Banknotlar hazırlanmış bile.
Önümüzdeki yılın ikinci yarısından itibaren kuruş devrine geçiyoruz.
İyi de zamanlaması doğru mu? Önümüzdeki yılın enflasyon hedefi de çift haneli belirlenmişken sıfır atmanın ne gibi yararı olacak?
Henüz enflasyonu düşürme programı, desteğin, inandırıcılığın ötesine geçememişken.
Belki psikolojik etkisi olacak o kadar.
Başka ülkelerdeki uygulamalar, iktisat teorileri ülkemizde bu koşullarda liradan sıfır atılmasının yararlı olmayacağını gösteriyor.
Önemli iktisatçılarla da konuştum. Bir kere zamanlamayı ‘‘erken, yanlış’’ buluyorlar.
Enflasyonun düştüğünün kalıcı olduğu görülmeden sıfır atmanın tehlikelerine işaret ediyorlar.
Görüşleri şöyle özetlemek mümkün:
Sıfır atma operasyonuna parasal illüzyon adı veriliyor. Aslında 6 sıfır attıktan sonra bizlerin durumunda bir değişiklik olmuyor. Milyonlarla ölçerken bir iki lirayla ölçüyorsun. Bir an için kendinizi kandırıyorsunuz. Aslında tabii gelirlerinizden de altı sıfır atılmış oluyor. Bir ürünün fiyatı bir liradan iki liraya çıktı diyelim. Bir iki lirayı önemsemiyorsunuz ama fiyat artışı yüzde 100 olmuş oluyor o üründe.
Yüksek enflasyon ortamlarında birden bire altı sıfır atıp parasal illüzyon yaratmak doğru değil. Kalıcı olarak enflasyonu düşürmeden ve düşük enflasyonla birkaç yıl yaşamadan sıfır atma operasyonu olumsuz etki yapıyor. Enflasyonun yukarı çıkması gibi. İki üç sene sonra yine sıfır atma noktasına geliniyor. (Latin Amerika ülkelerinde olduğu gibi.)
Uzmanlar ülkemiz için bu operasyon açısından 3-4 yıl beklemek gerektiğini savunuyorlar. ‘‘Enflasyonun yüzde 2'lere 3'lere düştüğünü birkaç sene bu oranlarda seyrettiğini gördükten sonra sıfır atılmalı. Halk kanaat getirsin ondan sonra’’ diyorlar.

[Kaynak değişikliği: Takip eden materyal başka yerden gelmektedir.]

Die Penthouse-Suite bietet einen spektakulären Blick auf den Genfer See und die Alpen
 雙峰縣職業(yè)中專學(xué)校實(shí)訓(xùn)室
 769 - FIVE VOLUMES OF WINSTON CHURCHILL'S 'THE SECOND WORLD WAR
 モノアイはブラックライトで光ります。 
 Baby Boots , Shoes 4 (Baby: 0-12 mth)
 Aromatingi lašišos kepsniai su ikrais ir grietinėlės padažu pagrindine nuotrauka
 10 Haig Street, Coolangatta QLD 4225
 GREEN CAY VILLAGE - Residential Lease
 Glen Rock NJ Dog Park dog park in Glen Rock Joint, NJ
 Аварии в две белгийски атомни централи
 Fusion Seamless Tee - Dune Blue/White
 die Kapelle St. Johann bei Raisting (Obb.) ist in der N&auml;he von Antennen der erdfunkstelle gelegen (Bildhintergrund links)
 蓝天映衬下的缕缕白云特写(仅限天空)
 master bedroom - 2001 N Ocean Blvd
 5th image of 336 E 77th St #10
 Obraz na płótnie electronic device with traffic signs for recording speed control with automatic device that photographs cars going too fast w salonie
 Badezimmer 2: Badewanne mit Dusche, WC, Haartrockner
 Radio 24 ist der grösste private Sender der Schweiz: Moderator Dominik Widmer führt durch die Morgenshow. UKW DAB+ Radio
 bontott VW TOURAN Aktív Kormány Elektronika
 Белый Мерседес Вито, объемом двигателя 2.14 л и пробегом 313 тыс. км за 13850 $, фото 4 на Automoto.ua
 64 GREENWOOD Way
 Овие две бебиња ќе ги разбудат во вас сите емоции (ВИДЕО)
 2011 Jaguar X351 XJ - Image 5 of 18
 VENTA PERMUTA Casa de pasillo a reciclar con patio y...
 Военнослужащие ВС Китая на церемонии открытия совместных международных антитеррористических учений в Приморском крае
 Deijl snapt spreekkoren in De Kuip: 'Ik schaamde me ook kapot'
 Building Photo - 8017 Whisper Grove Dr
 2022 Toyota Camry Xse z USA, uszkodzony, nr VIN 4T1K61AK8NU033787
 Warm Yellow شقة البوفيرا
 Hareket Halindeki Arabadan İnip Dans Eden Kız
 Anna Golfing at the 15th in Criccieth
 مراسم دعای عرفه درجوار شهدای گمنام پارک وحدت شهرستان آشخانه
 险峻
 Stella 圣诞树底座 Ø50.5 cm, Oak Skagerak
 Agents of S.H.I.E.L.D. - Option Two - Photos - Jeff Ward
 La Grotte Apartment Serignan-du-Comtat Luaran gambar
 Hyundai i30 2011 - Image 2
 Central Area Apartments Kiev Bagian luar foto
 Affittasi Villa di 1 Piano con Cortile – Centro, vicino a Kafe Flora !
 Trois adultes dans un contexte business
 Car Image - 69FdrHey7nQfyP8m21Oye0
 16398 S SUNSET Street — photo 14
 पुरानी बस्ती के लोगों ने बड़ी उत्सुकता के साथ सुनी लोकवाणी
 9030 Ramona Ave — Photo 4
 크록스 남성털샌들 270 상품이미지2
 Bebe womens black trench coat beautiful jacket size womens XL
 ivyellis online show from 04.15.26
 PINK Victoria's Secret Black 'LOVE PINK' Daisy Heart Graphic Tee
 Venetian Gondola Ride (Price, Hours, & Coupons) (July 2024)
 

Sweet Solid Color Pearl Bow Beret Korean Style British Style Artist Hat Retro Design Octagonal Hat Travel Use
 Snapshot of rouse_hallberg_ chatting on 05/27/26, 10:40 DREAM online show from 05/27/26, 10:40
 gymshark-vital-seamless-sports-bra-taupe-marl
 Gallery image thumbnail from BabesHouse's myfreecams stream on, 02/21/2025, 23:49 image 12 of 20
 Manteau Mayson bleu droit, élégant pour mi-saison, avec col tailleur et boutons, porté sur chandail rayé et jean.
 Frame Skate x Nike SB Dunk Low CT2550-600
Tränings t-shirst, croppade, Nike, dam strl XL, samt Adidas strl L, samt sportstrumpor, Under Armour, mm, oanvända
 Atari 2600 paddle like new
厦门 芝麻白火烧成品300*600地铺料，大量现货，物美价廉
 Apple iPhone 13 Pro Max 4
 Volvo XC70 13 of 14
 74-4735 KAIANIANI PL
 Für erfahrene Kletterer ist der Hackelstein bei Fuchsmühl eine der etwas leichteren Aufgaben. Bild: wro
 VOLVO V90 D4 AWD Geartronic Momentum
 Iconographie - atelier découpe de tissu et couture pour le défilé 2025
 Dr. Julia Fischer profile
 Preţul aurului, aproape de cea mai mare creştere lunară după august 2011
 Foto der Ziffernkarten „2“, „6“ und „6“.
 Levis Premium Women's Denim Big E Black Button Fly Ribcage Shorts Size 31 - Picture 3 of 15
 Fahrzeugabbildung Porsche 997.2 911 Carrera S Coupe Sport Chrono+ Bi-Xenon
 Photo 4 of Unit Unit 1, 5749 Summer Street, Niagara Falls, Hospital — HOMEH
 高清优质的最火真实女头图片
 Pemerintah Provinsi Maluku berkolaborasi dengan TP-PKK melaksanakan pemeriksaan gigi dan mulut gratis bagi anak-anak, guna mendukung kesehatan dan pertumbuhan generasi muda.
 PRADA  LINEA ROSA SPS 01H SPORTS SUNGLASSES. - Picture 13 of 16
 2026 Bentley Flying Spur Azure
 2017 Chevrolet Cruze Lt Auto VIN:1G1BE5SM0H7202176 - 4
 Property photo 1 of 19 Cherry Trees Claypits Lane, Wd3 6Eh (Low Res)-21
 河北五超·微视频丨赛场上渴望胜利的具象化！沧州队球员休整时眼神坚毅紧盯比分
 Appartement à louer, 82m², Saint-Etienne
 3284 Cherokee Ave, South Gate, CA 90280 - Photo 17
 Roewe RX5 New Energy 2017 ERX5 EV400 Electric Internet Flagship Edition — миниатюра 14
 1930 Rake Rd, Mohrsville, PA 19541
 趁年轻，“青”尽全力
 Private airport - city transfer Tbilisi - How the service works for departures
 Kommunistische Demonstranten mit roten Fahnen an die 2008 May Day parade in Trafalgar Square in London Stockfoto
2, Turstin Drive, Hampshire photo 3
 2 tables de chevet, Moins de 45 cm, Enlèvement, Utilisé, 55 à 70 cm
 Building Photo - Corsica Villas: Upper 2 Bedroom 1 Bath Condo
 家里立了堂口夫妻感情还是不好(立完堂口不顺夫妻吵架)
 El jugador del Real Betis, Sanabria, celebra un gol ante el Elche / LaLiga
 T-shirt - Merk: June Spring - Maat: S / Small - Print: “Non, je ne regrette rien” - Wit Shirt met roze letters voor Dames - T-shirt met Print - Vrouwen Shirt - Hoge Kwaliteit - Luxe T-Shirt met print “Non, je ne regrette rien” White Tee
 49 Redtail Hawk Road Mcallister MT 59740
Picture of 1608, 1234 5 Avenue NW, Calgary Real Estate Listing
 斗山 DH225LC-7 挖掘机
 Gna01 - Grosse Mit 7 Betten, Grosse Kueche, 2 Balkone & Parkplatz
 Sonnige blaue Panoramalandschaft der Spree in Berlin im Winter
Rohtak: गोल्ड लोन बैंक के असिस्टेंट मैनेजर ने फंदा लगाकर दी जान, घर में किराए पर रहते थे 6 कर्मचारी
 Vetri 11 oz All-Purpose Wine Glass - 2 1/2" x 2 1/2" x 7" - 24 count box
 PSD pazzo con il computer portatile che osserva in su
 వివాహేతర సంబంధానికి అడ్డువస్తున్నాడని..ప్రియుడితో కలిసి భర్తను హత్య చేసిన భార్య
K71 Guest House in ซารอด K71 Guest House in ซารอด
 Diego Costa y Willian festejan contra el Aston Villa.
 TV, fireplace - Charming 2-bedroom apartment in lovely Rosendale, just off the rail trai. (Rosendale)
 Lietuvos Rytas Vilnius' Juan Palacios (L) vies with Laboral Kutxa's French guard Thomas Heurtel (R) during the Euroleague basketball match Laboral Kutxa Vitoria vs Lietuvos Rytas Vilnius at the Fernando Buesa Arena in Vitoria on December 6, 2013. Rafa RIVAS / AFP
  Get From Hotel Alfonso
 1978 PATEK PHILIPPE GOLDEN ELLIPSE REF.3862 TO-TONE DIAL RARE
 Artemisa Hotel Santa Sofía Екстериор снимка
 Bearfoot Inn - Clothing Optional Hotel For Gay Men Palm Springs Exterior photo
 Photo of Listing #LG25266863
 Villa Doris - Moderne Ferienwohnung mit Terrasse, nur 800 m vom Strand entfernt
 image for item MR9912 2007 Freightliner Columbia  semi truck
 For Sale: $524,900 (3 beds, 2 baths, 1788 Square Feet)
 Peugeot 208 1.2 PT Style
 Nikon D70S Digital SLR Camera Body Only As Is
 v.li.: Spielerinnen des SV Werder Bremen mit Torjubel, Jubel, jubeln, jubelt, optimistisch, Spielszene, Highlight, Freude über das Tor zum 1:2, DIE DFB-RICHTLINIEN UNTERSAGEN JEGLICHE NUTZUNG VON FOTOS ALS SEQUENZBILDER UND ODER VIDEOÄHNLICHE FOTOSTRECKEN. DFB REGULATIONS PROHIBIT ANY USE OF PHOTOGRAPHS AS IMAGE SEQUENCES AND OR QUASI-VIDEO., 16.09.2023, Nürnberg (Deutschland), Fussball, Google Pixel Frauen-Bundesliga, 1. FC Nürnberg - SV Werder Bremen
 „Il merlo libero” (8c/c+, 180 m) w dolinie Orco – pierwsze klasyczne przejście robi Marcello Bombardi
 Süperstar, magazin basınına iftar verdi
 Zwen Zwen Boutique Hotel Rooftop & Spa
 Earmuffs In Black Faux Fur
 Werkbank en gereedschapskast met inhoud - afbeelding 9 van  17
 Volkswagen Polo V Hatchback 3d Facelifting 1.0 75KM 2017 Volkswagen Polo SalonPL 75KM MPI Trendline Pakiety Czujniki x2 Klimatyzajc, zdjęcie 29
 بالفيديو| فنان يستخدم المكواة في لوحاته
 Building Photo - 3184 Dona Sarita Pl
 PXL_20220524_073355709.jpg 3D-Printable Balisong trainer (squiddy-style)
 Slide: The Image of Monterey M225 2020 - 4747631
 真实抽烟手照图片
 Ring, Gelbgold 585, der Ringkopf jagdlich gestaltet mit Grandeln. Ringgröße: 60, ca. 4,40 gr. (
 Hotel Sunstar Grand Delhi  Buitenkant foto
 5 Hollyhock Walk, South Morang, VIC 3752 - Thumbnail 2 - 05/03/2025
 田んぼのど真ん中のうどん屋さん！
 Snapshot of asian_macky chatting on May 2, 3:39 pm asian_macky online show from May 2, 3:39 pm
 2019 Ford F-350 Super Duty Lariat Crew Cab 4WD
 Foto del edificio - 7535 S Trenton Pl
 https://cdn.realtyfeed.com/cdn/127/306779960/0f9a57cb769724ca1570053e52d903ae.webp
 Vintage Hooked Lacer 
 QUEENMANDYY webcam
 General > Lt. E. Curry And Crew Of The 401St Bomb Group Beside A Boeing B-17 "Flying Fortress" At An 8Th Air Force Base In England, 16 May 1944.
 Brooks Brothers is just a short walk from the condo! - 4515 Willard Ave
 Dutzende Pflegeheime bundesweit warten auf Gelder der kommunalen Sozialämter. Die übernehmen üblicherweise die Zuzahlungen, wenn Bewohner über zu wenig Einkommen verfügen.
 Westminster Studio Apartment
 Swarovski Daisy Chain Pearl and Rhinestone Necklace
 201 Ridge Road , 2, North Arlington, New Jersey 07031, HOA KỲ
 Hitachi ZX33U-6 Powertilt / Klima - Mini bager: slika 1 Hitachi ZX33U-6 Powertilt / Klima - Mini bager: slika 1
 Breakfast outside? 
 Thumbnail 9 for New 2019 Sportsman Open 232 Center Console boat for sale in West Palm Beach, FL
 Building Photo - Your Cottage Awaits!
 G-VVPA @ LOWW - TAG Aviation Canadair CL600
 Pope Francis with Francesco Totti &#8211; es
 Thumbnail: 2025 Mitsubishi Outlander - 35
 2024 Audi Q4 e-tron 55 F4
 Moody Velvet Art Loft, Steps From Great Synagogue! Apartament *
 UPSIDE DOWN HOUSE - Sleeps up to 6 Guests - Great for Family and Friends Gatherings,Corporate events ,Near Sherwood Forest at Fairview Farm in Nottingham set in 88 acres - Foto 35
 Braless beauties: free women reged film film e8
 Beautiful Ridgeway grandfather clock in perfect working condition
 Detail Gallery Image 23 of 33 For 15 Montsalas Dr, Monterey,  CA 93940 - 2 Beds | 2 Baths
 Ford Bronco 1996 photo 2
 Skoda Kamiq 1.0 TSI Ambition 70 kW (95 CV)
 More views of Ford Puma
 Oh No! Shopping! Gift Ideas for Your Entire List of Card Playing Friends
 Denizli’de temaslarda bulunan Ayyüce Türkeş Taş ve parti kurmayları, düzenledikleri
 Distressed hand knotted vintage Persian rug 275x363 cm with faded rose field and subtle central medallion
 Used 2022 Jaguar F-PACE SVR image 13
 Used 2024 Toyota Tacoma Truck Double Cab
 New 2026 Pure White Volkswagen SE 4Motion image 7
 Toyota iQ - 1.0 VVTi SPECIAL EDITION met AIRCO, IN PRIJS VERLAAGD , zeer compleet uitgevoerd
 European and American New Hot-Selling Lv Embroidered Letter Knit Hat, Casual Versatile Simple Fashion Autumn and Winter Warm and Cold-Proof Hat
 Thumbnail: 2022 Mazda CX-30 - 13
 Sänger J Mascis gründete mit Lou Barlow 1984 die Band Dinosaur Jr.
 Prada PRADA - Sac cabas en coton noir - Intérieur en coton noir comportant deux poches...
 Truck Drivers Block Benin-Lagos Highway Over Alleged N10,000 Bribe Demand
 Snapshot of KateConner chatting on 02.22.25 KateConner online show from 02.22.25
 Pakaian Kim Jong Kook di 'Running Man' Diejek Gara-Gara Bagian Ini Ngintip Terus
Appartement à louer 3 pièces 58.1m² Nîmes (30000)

Örneğin Bulgaristan para kurulu kurdu. Uygulanan programla enflasyonu sıfıra indirdiler. Bir yıl sıfır enflasyonla yaşadılar ve geçen temmuz ayında paralarından üç sıfır attılar. Bir Leva bir Marka eşit. Halen de sıfır enflasyonu koruyorlar.
İktisatçılar, bizde önümüzdeki yılın ikinci yarısında yapılacağı açıklanan liradan altı sıfır atılması planı için, ‘‘Biraz tribüne oynamak gibi geliyor. Bu haliyle ekonomi programı başarıya ulaşıyormuş gibi gösterme çabası. Tabii iyi niyetli çabalar bunlar. Umarız ters tepmez’’ yorumunu yapıyorlar.
Uygulamadaki ekonomi programının, siyasiler sekte vurmazsa başarıya ulaşacağına inanlardanım. Enflasyon belasından kurtulmamız için önce bu canavarı yeneceğimize inanmamız gerekiyor. Psikolojik-beklenti enflasyonunu yenmekle işa başlamak şart. Liradan sıfır atılması planını da bu açıdan önemsiyorum. En azından moralimiz düzeliyor, umudumuz artıyor...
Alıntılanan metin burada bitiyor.